Beyond setting aside those budget fights, the Democrats also agreed to set aside the larger fight about budget fighting by suspending the debt limit until July 31, 2021. That means there won’t be another debt-limit crisis until after the 2020 election—which could put the next one, as some wary Democrats noted, smack-dab in the middle of a hypothetical new Democratic president’s first year, when Republicans would be looking for a leverage point to block the administration’s agenda.

“The timing of it really bugs me,” Adam Jentleson, a former deputy chief of staff to former Senate Majority Leader Harry Reid, told Bloomberg. “It sets up a crisis of the first year of the next president’s administration. We’re letting them light the fuse on another bomb and place it squarely in the middle of the next president’s first year in office.” Bloomberg also cited “other presidential campaigns” that “expressed similar concerns, but declined to say so publicly.”

And in a statement Tuesday, California Rep. Ro Khanna, a prominent progressive, said that Democrats “are losing our leverage by agreeing to a lifting of the debt ceiling for the remainder of this term but then in turn handcuffing a future progressive President in 2021.”

But the reactions from most Democratic senators and staffers to this question on Tuesday ranged from shrugging to hostility.

“I haven’t thought about that yet,” Connecticut Sen. Chris Murphy told reporters when asked about the potential pressure point. “At some point we should probably get rid of this permanent Sword of Damocles, it doesn’t make a lot of sense.”

When asked why not now, Murphy said, “You could, but that’s not a bottom line for me. Eventually I’d like to see us get rid of it … That doesn’t need to happen now to get my vote.”

Maryland Sen. Chris Van Hollen, meanwhile, said “Oh goodness, two years seems like light years around here,” adding that “we’re going to have a lot of bumps around the road before we get there.”

Democrats, in general, still seem so traumatized by the debt-limit battles of the Obama years that they will support a clean two-year extension with no questions asked just to get it out of the way. As long as they can be sure there’s no crisis right now, why worry about where the country might be in two years?

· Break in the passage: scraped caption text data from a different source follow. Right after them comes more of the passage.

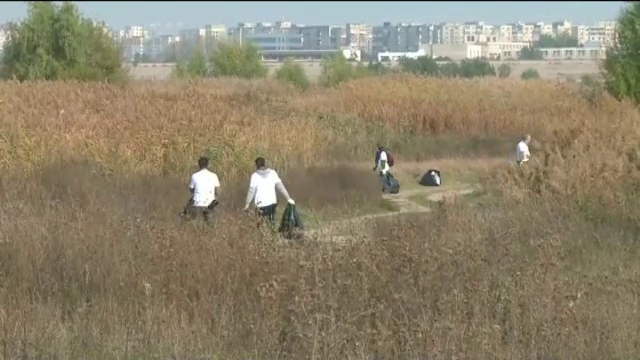 curatenie Delta Vacaresti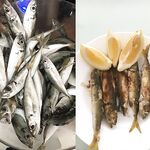 Болгария, утренний забег: кефаль до прихода дельфинов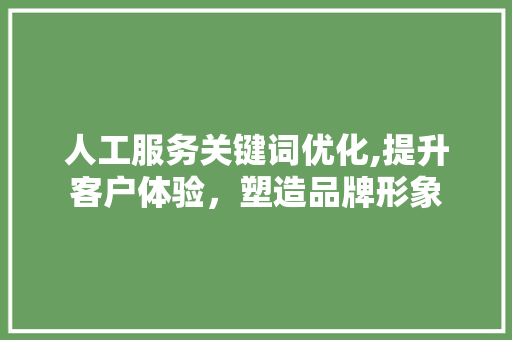 人工服务关键词优化,提升客户体验，塑造品牌形象 百度算法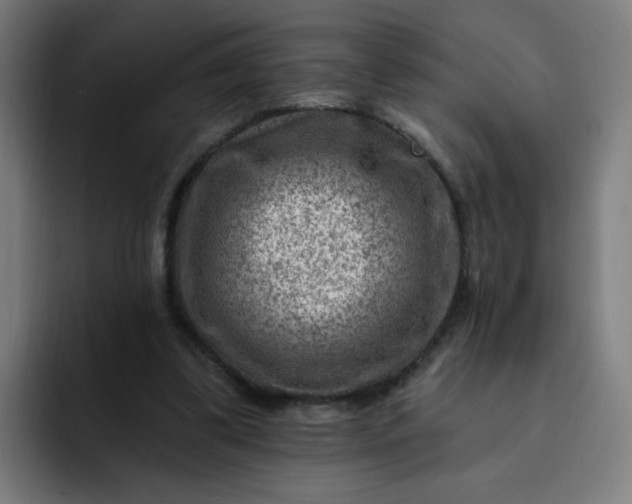 X0000093260299200710101504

Democratic aides close to the negotiations, meanwhile, described the concern as “idiotic” and coming from people “who don’t know what they’re talking about.” Well, OK. They did raise a few reasonable objections, though, to progressives already circling July 31, 2021 as the date of the Apocalypse.

The first is that July 31 isn’t really the date. That will come some months later—anywhere from three to six—after the Treasury has exhausted its “extraordinary measures” authority to keep paying the bills. A new Democratic president would then have more runway to accomplish central agenda items before landing in another debt negotiation. And because the debt limit would expire at roughly the same time as the new budget deal, it would be easier to follow it with another all-encompassing agreement rather than a stand-alone debt limit bill, which is more difficult to pass—and easier to hijack—on its own.

The other point is: What’s the alternative? So long as the debt limit exists, a hypothetical Democratic president will have to get Congress to raise it at some point during their term. The only other choice is to get rid of the statute altogether.

When I asked whether they had pursued that in the talks, a Democratic aide told me that they considered it but found it to be “too difficult.” Though Democrats all probably could have gotten on board, it would have been a bridge too far for too many Republicans in a bipartisan negotiation, and too unattainable a request for Democrats to have dug in on at the expense of other funding priorities.

That assumes, however, that there will a better time for Democrats to permanently end the debt-limit crises—that “some point” that Murphy alluded to. Right now, there’s a Democratic House and a Republican president who doesn’t seem to care about the sanctity of our misbegotten borrowing authority. Two years from now, if things have returned to the 2016 version of normal, that opportunity will be gone, replaced by the political incentives to play chicken with the debt again. “Some point,” then, will likely arrive shortly after the first time we breach the limit and get a taste of the consequences.